Прочитав письмо из управления и мгновенно оценив ситуацию, Ситечкин понял, что это — его звездный час. В управлении не могут не заметить молодого специалиста, не пошедшего на поводу у своего начальника, нарушившего указание руководства. Если Коломейцев погорит, зачем гореть вместе с ним. А что, если Коломейцев найдет касситерит?
Ситечкин заколебался. Нет, даже в случае удачи Коломейцеву не простят его ослушания. За касситерит поблагодарят, но что-нибудь другое припомнят. А Ситечкина не забудут. Такие, как Ситечкин, всегда пригодятся.
И Ситечкин сделал выбор.
Когда Коломейцев с Бурштейном вернулись к костру и склонили головы над картой, Ситечкин с ненужной громкостью бросил вызов:
— Виктор Петрович, а что все-таки в этом письме? Почему вы его скрываете?

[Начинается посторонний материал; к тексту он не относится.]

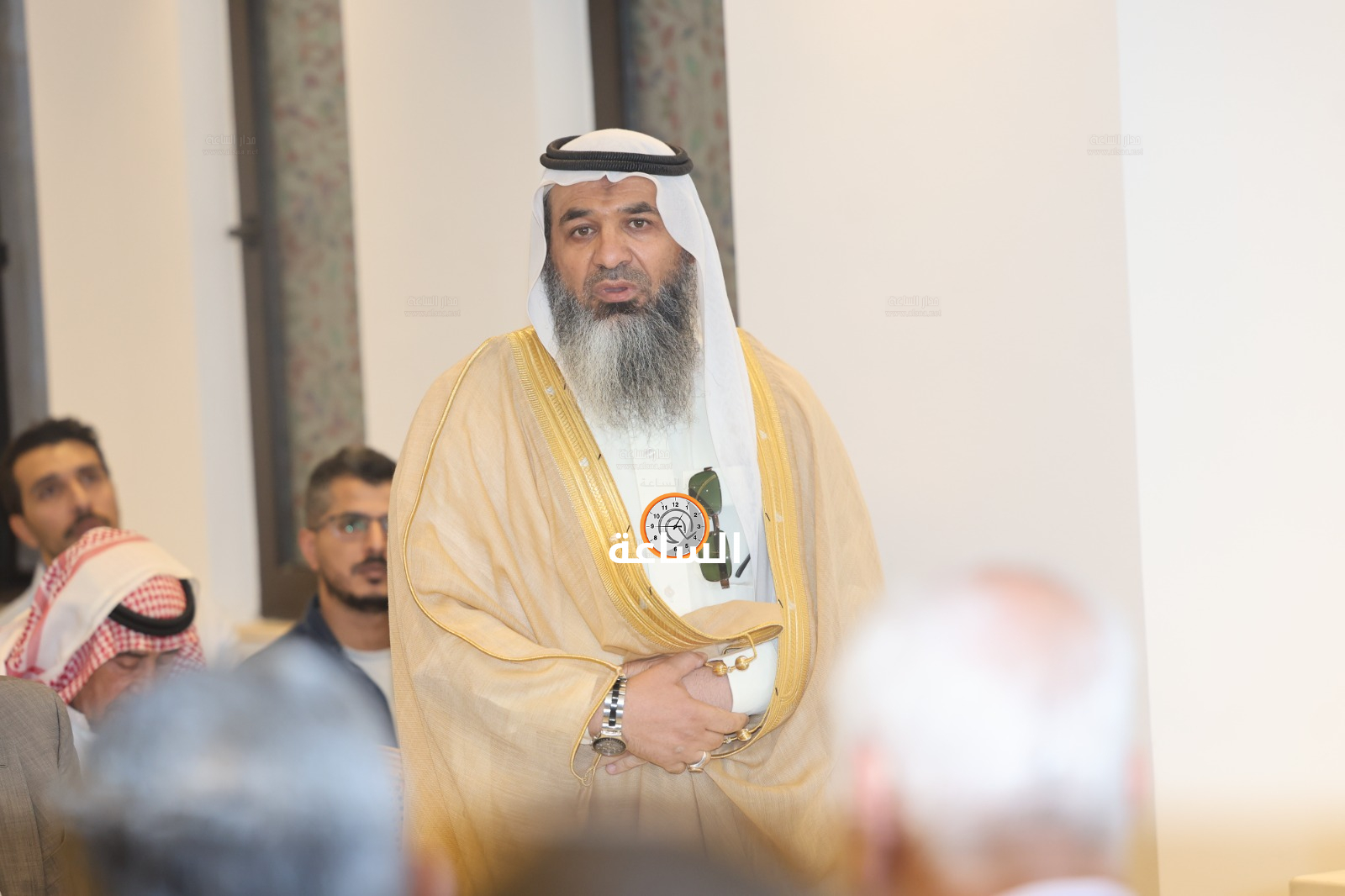Madar Al-Saa Images 0.3043836584043845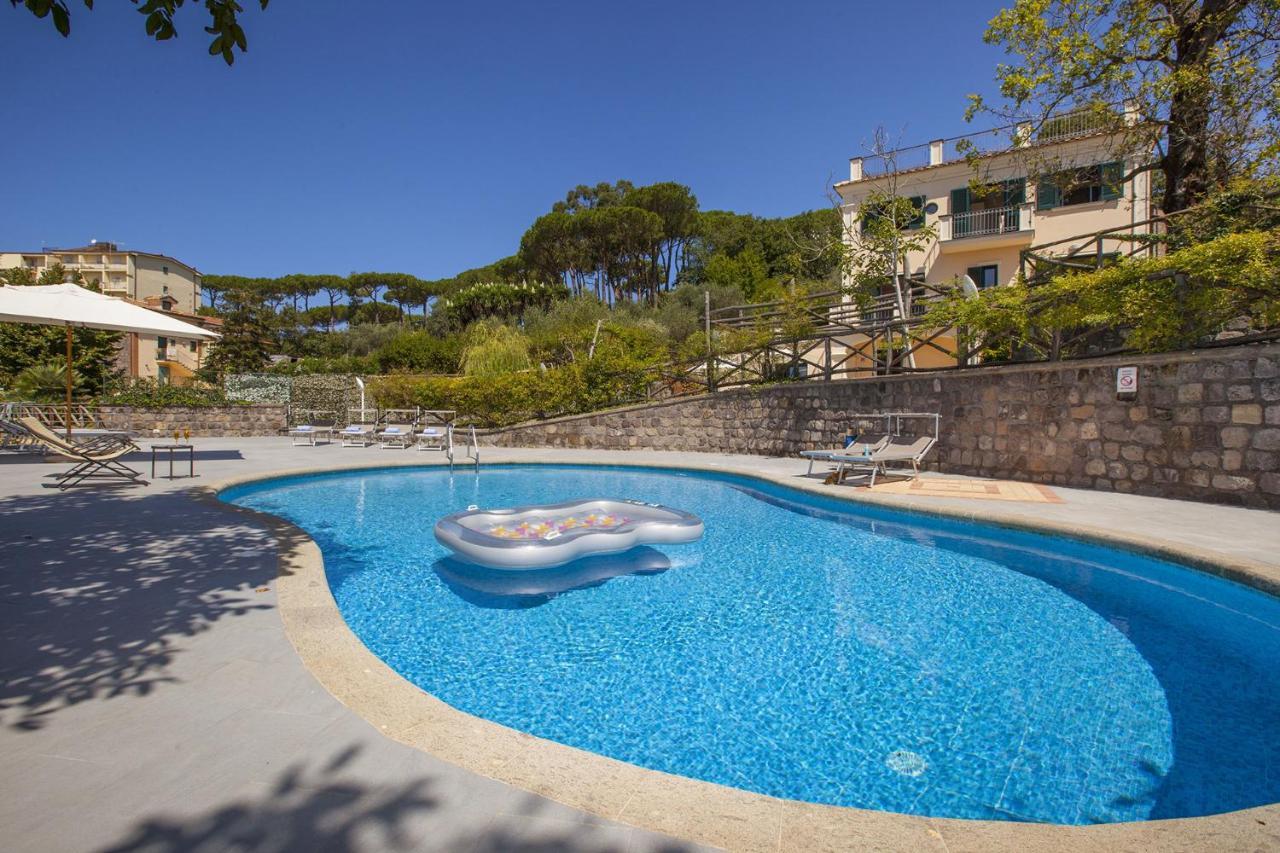 Amore Rentals - Residence Bosco SantʼAgata sui Due Golfi Kültér fotó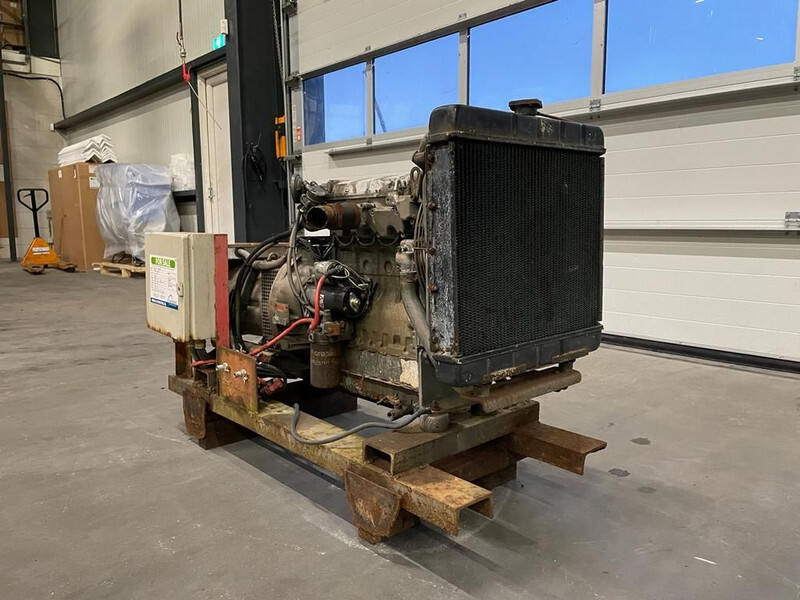 Deutz F4M 1008 SDMO 10 kVA generatorset - Set generatora: slika 3 Deutz F4M 1008 SDMO 10 kVA generatorset - Set generatora: slika 3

Коломейцев и представить не мог, что всегда юлящий, извилистый голос Ситечкина способен на такую наглую повелительную вопросительность. Прежнего угодничества как не бывало — перед Коломийцевым предстал неожиданно выпрямивший свою подхалимистую спину враг. Даже глаза у Ситечкина стали другими: раньше они суетливо метусились на лице, заискивали, восторгались, присоединялись, а теперь застыли навыкате, полные язвительного превосходства. Лачугин вздрогнул, понял: Ситечкин знает. Бурштейн изумленно изучал Ситечкина из-под очков, как будто тот наконец-то выпустил самого себя, как джинна из бутылки. Вяземская взглянула на Ситечкина без тени удивления, со спокойным презрением.